What you need to do:
Could you restate word for word only the lines below from the one holding "Wall Panel 02 - Image 3" to the one holding "- Wheel Finger", inclusive, and leave out the pictures?

Entries shown: Begin

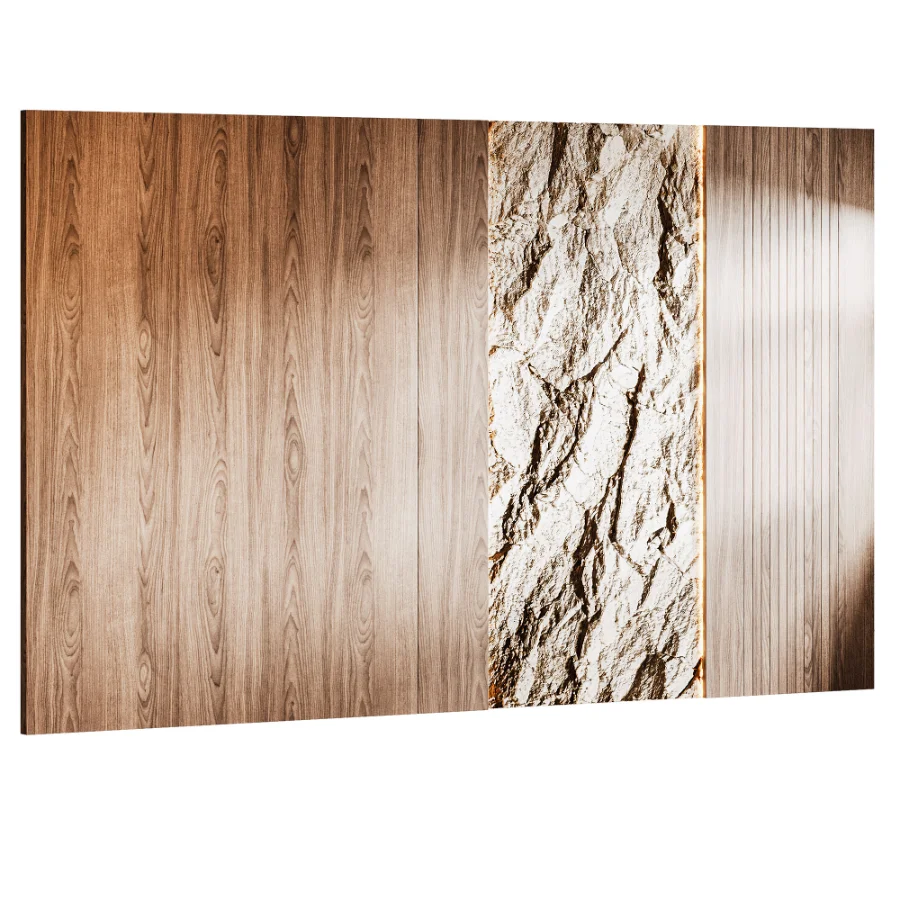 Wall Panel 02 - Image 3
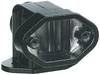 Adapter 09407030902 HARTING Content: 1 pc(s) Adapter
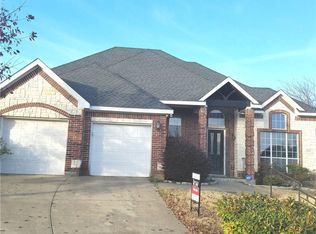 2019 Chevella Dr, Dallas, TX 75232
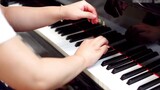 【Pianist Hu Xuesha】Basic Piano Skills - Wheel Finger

Entries shown: End
Entries shown: Begin

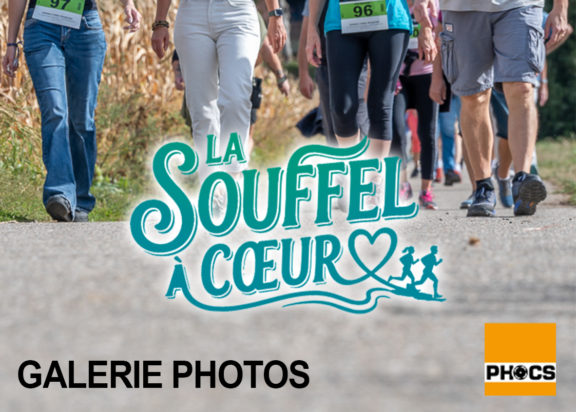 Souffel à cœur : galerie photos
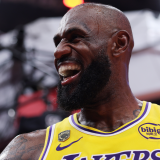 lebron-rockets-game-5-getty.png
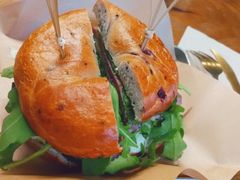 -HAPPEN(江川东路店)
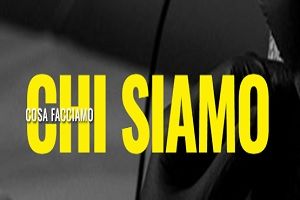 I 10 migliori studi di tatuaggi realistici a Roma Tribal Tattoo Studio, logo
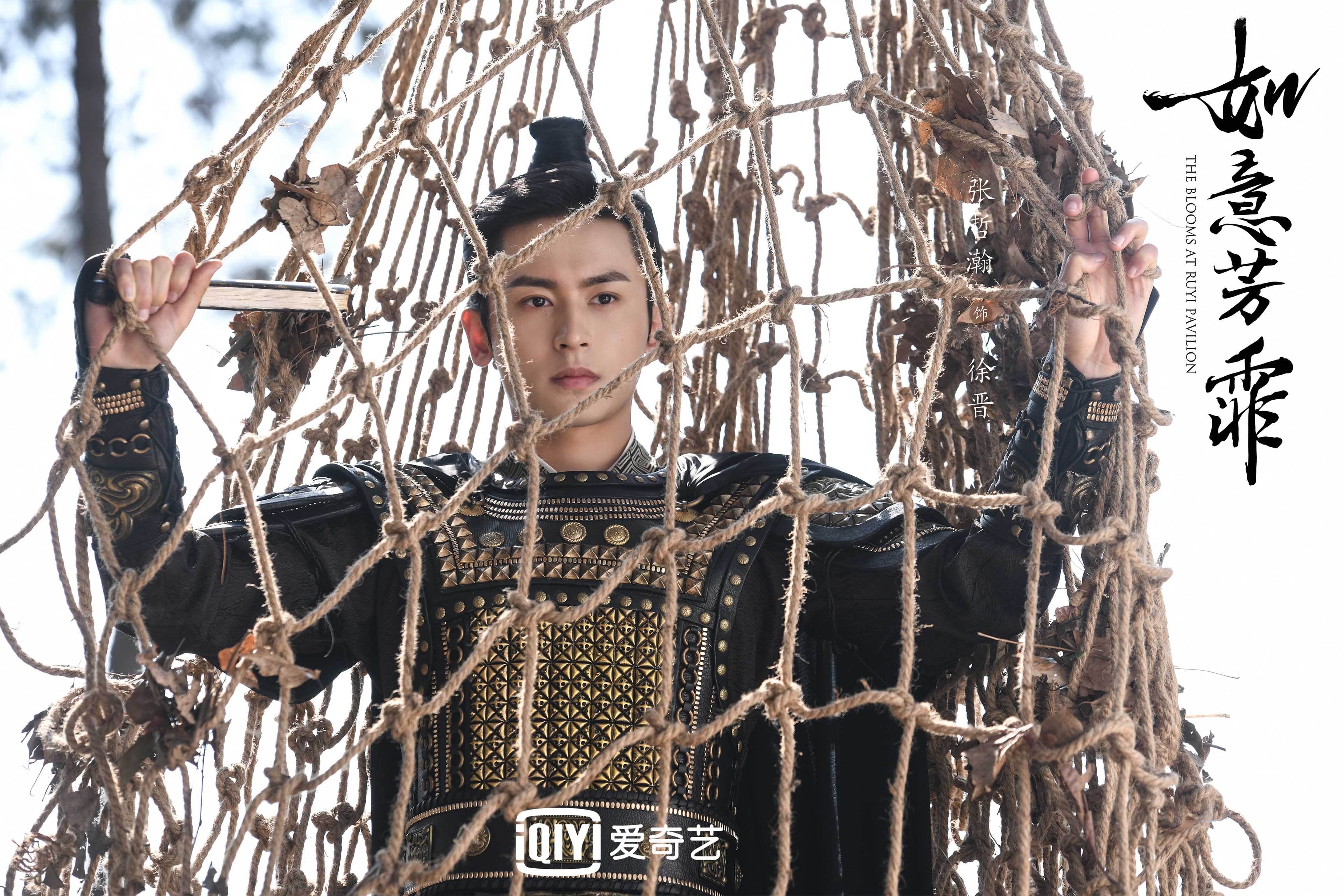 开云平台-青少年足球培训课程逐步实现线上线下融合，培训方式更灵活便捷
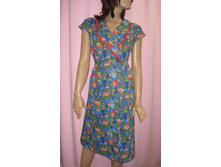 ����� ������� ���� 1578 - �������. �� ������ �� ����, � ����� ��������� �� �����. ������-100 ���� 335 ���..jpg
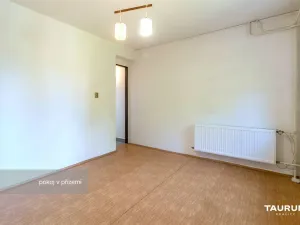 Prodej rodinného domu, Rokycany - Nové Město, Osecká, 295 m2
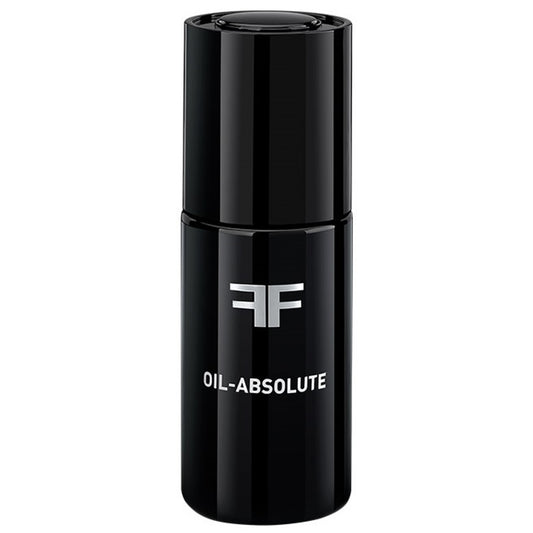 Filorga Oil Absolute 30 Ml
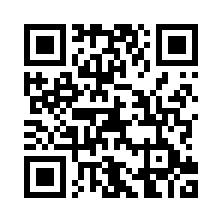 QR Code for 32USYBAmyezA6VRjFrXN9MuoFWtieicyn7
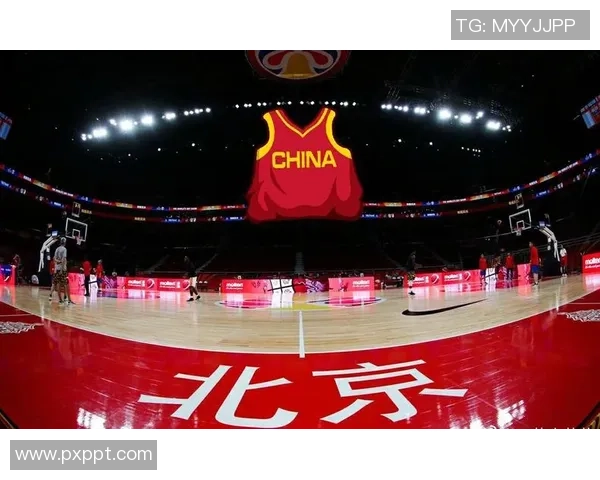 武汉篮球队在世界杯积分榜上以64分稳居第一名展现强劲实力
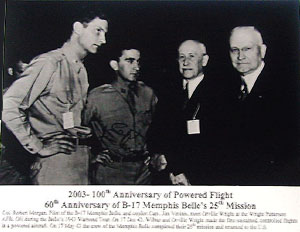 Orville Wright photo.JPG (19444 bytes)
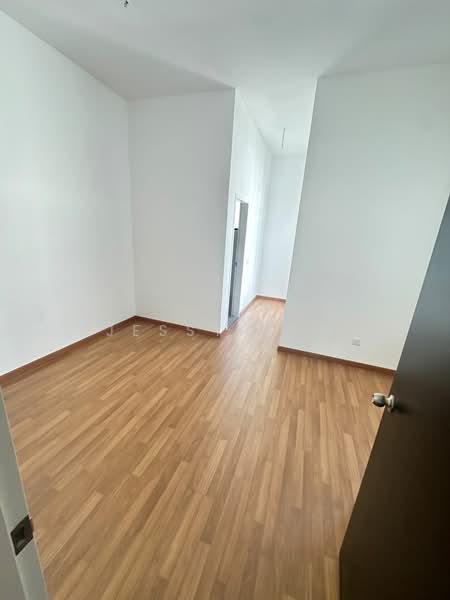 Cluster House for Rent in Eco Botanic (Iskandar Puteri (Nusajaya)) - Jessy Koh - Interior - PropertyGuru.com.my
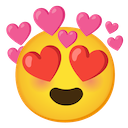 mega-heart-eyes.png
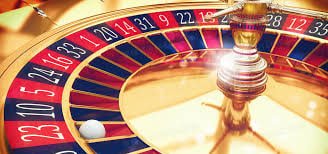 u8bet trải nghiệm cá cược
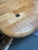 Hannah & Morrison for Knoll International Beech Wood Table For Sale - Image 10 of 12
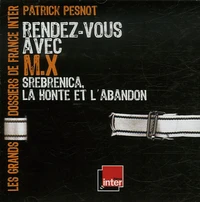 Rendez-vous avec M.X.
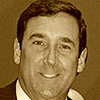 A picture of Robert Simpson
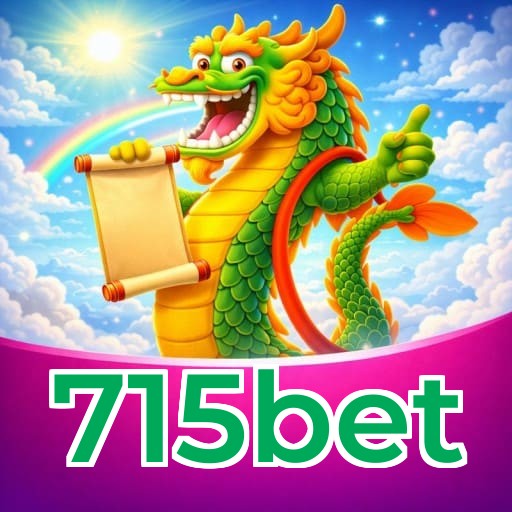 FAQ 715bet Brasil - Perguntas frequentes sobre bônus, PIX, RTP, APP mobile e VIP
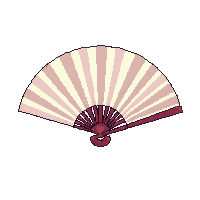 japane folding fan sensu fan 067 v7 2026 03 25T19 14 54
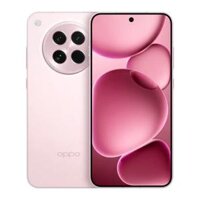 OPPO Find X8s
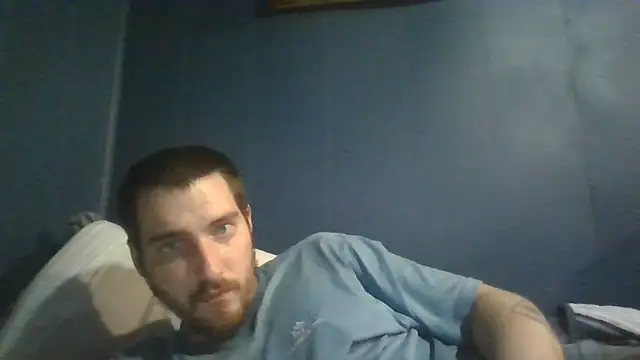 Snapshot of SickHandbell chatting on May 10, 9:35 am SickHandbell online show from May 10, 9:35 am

Entries shown: End
Entries shown: Begin

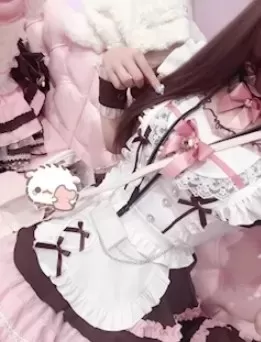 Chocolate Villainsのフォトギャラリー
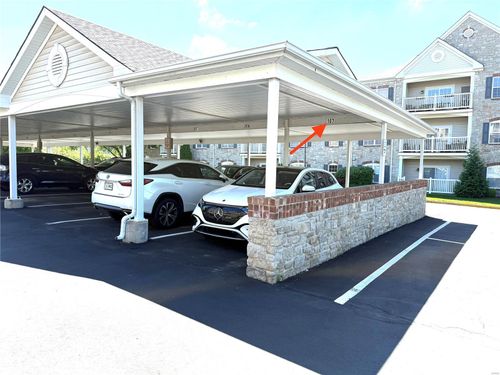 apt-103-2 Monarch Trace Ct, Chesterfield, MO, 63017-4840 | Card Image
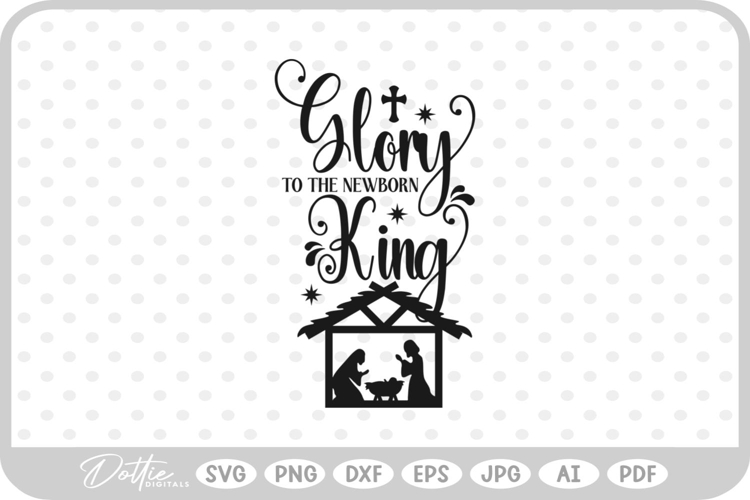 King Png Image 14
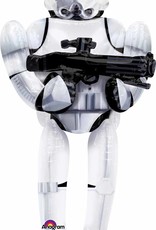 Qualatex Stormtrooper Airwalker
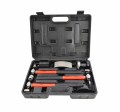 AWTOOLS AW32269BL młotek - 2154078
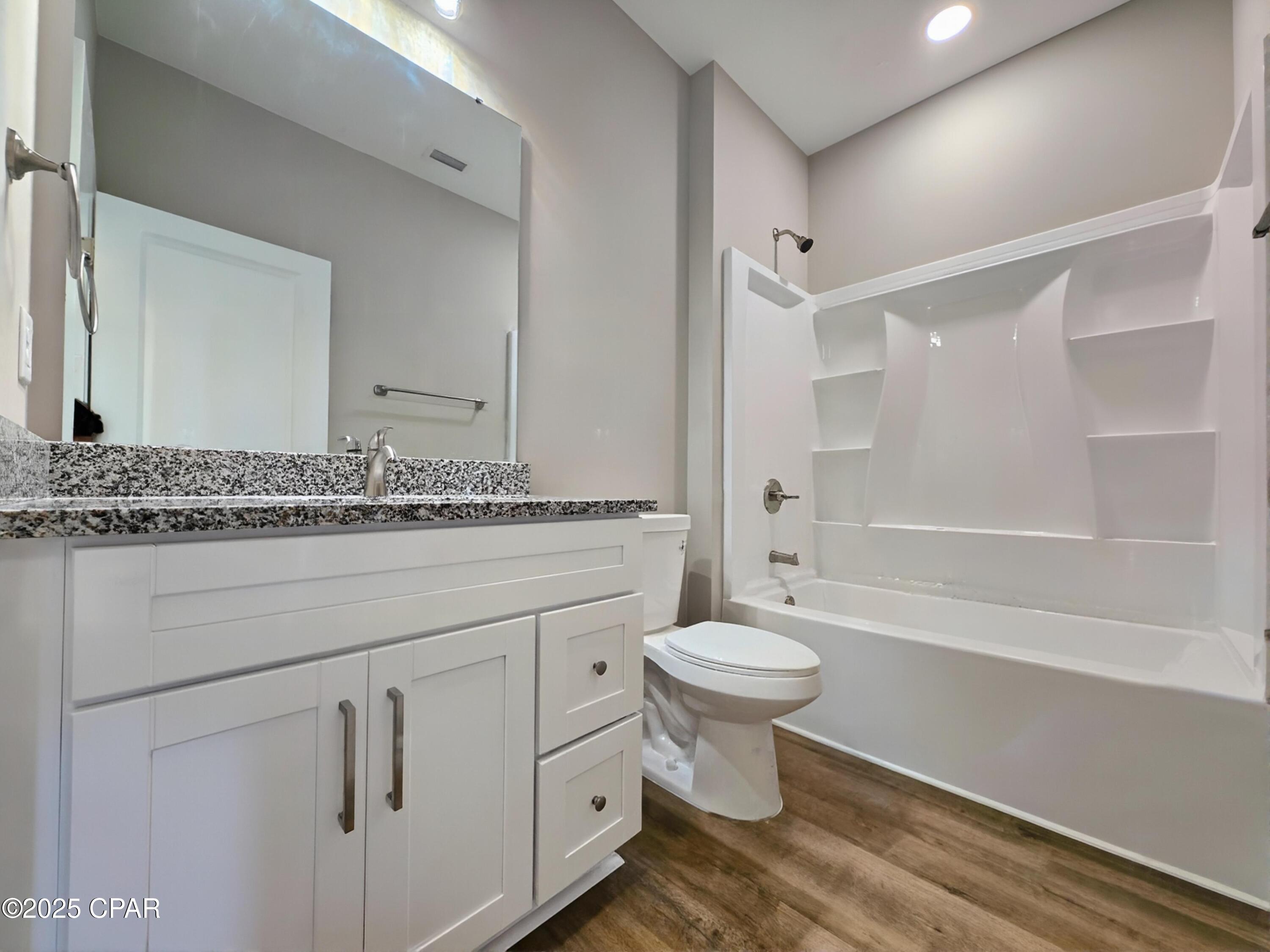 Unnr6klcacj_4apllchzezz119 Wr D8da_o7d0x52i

Entries shown: End

Answer space:
 Wall Panel 02 - Image 3
 Adapter 09407030902 HARTING Content: 1 pc(s) Adapter
 2019 Chevella Dr, Dallas, TX 75232
 【Pianist Hu Xuesha】Basic Piano Skills - Wheel Finger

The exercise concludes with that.